Saturday, February 28, 2009

Sink or swim

For several years until last fall, my role at NASA had consisted of advocacy and advisory support: ostensibly helping programs and projects share their information systems more effectively through standards and interoperable designs. But over the years, this activity (not easy to explain in a soundbite) grew increasingly murky in purpose and scope; long story; the program came to a halt; and after a few amorphous months I've now begun a challenging project of my own design, building Web access to climate models running on supercomputers. It's nice to be doing something of substance, and easy to describe -- perhaps for the first time in years. However, this is a new field; actually several new fields; and I'm just an IT guy. Worse: for several years, I've been an architect / advisory IT guy who never had to write or debug a single line of code. So I'm having to exercise several atrophied sectors of my brain, and to learn (always by yesterday) reams of new stuff about numerical models, supercomputers, and how the latter run the former. I've spent hours reading about global and regional atmospheric simulations; the algorithmic and statistical basis for such models; the workflow infrastructures in which they run; and the deeper meaning of a whole new set of acronyms. A lot of the scientific code (fluid dynamics, etc.) is written in Fortran so I've even poked into some of that (though I hope to leave the Fortran as-is. I last used the language in 1983 and haven't missed it). Every so often my brain fills up (a la Gary Larson) and to quell the quiet panic I have to stand up and walk the halls for a few minutes. And sometimes the reading trail reaches an obvious dead end. For example:

ifeffit: An interactive program for XAFS analysis

IFEFFIT is an interactive program for XAFS analysis.
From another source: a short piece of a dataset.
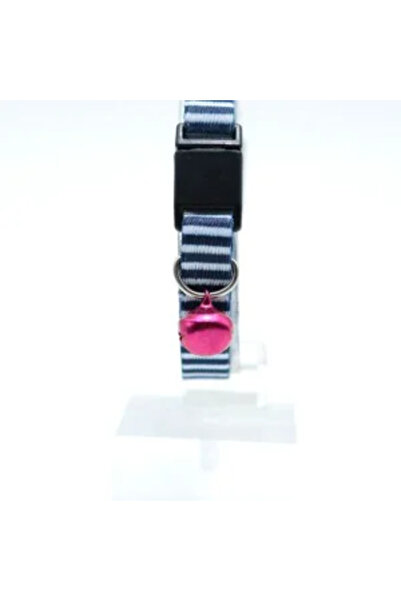 northcity n طوق قطط مخطط Ps9665 - قابل للتعديل وأنيق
It combines the high-quality analysis algorithms of AUTOBK and FEFFIT with graphical display of XAFS data and general data manipulation.
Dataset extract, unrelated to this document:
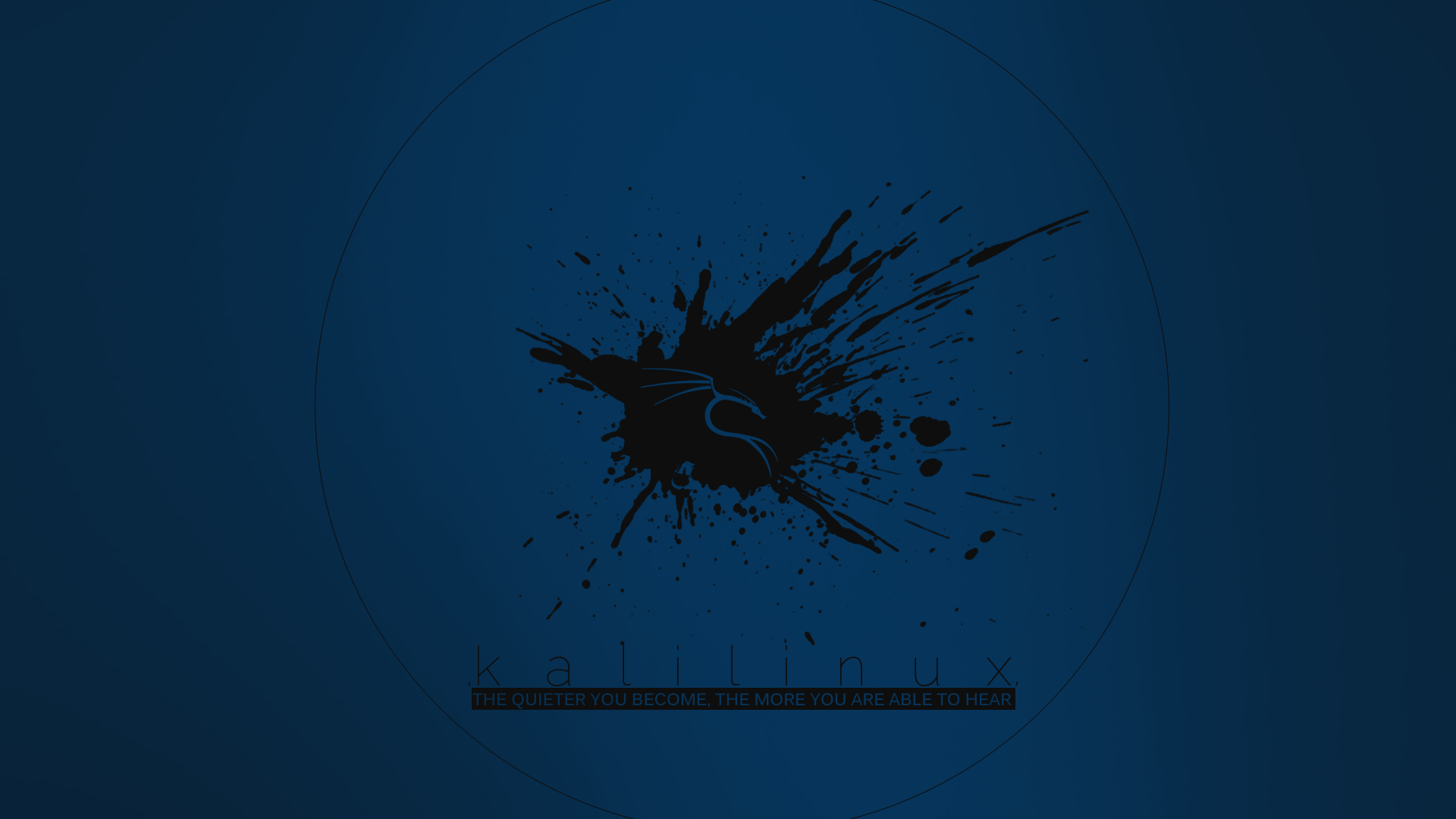 1920x1080 Kali Linux HD Wallpaper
IFEFFIT comes as a command-line program, but the underlying functionality is available as a programming library. The IFEFFIT library can be used from C, Fortran, Tcl, Perl, and Python. This allows a variety of user interfaces (both graphical and non-graphical) to be written around IFEFFIT. Currently, three graphical user interfaces: G.I.FEFFIT, ATHENA/ARTEMIS, and SIXPACK are built on the underlying IFEFFIT library. IFEFFIT and all three GUIs are under active development, but are fairly well tested and ready for use.

On reading this effectively useless documentation the other day, I laughed out loud, realizing that I was living another Larson cartoon. When I don't even understand the terms necessary to explain the one I'm looking up, ... perhaps I've skidded off the learning curve. Time to find some pavement and try again. When it's not terrifying, it's great fun.